» **WHAT IS BEING ASKED**
If an entry contains a picture, leave the picture out and reproduce everything else in the records below exactly.

──────── RECORDS TO USE ────────

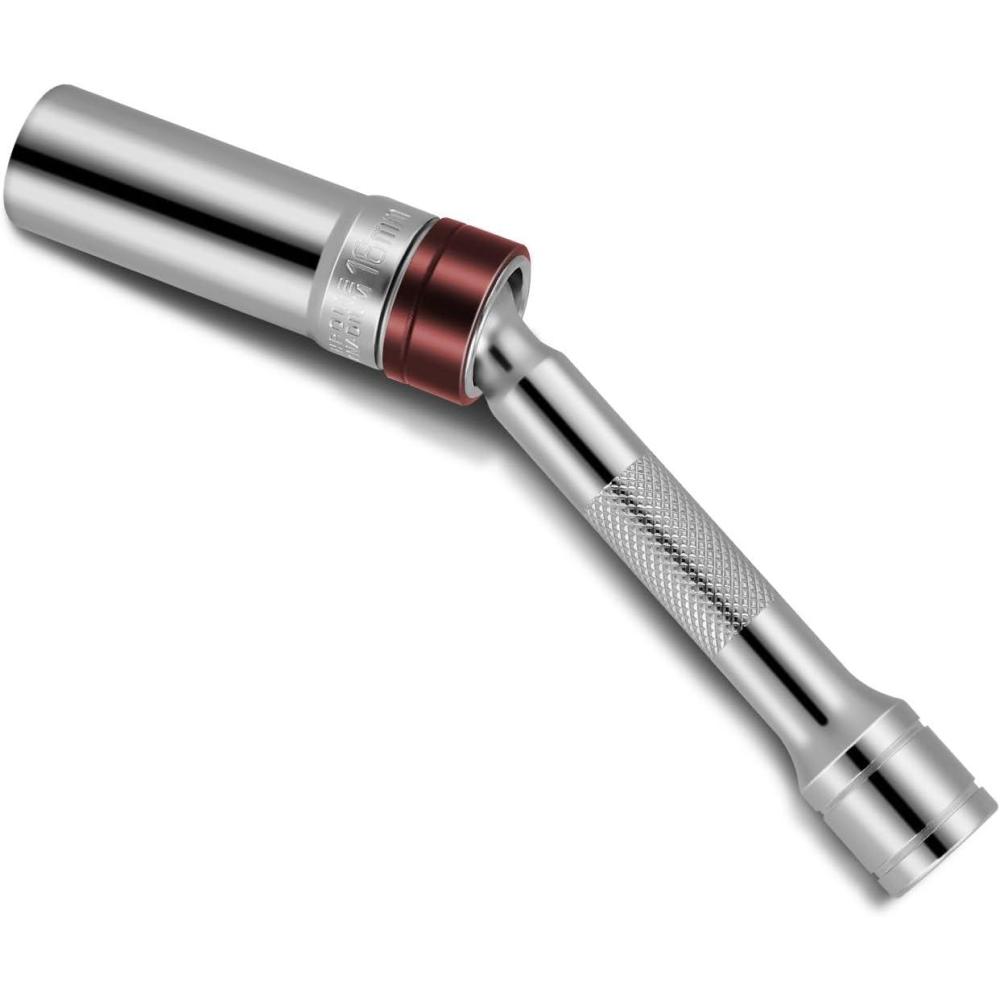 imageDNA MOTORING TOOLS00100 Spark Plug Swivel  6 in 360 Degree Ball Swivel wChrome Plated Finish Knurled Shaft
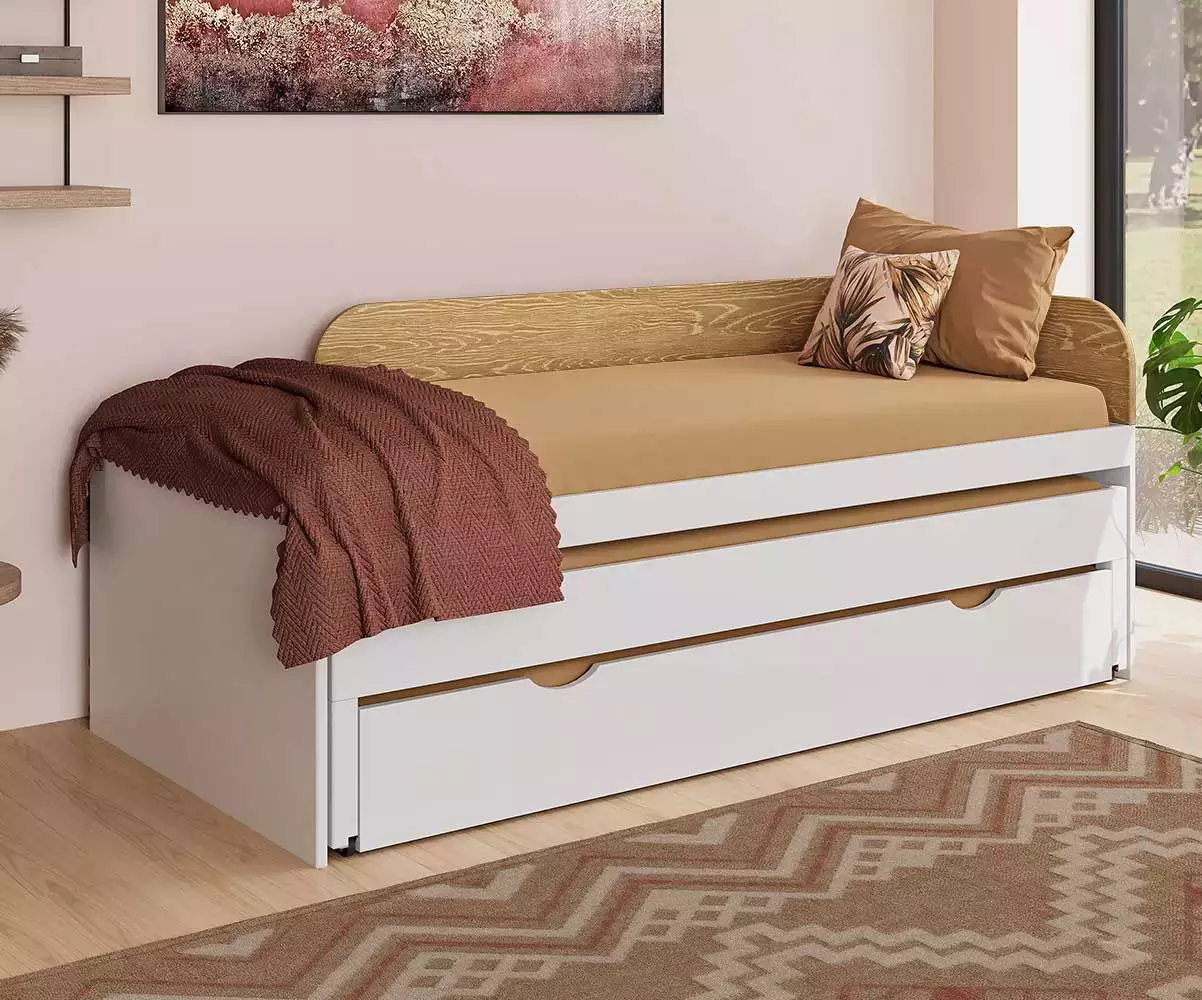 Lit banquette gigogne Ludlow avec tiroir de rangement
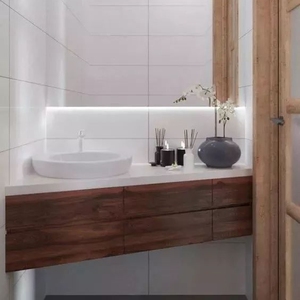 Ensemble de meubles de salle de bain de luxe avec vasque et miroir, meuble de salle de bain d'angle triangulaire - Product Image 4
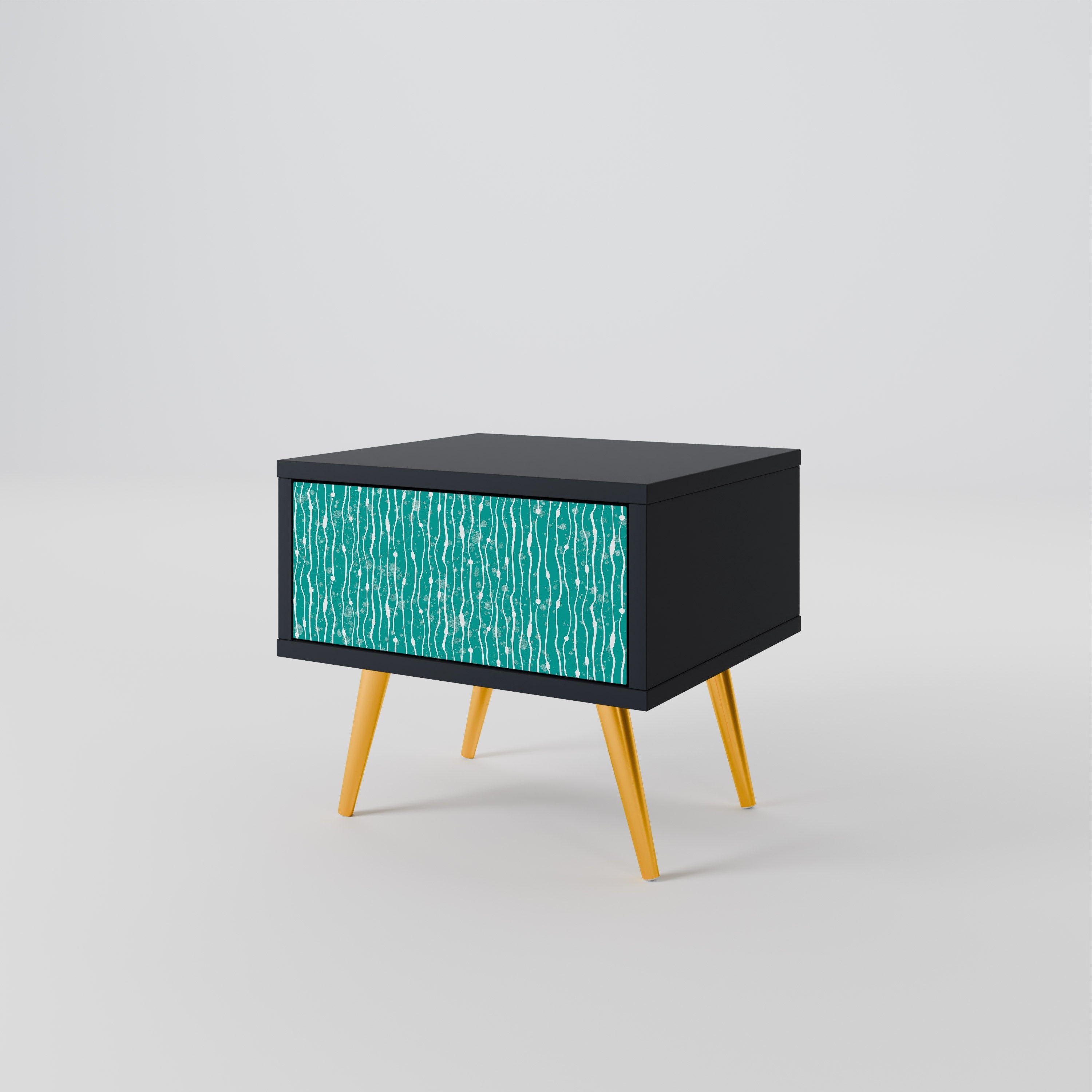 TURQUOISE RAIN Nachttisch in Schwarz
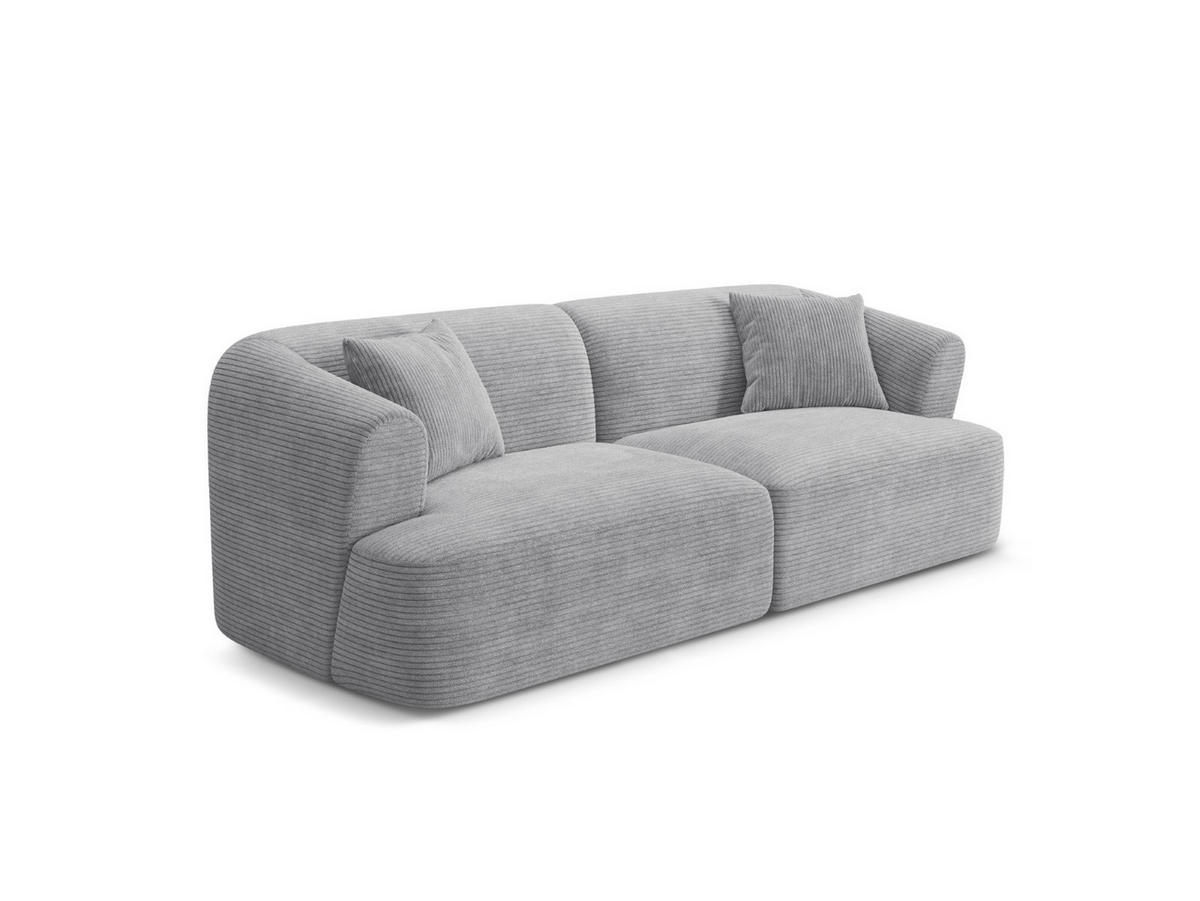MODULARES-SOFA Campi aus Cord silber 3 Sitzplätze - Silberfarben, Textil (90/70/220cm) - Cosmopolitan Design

────────

» **REPLY**
 imageDNA MOTORING TOOLS00100 Spark Plug Swivel  6 in 360 Degree Ball Swivel wChrome Plated Finish Knurled Shaft
 Lit banquette gigogne Ludlow avec tiroir de rangement
 Ensemble de meubles de salle de bain de luxe avec vasque et miroir, meuble de salle de bain d'angle triangulaire - Product Image 4
 TURQUOISE RAIN Nachttisch in Schwarz
MODULARES-SOFA Campi aus Cord silber 3 Sitzplätze - Silberfarben, Textil (90/70/220cm) - Cosmopolitan Design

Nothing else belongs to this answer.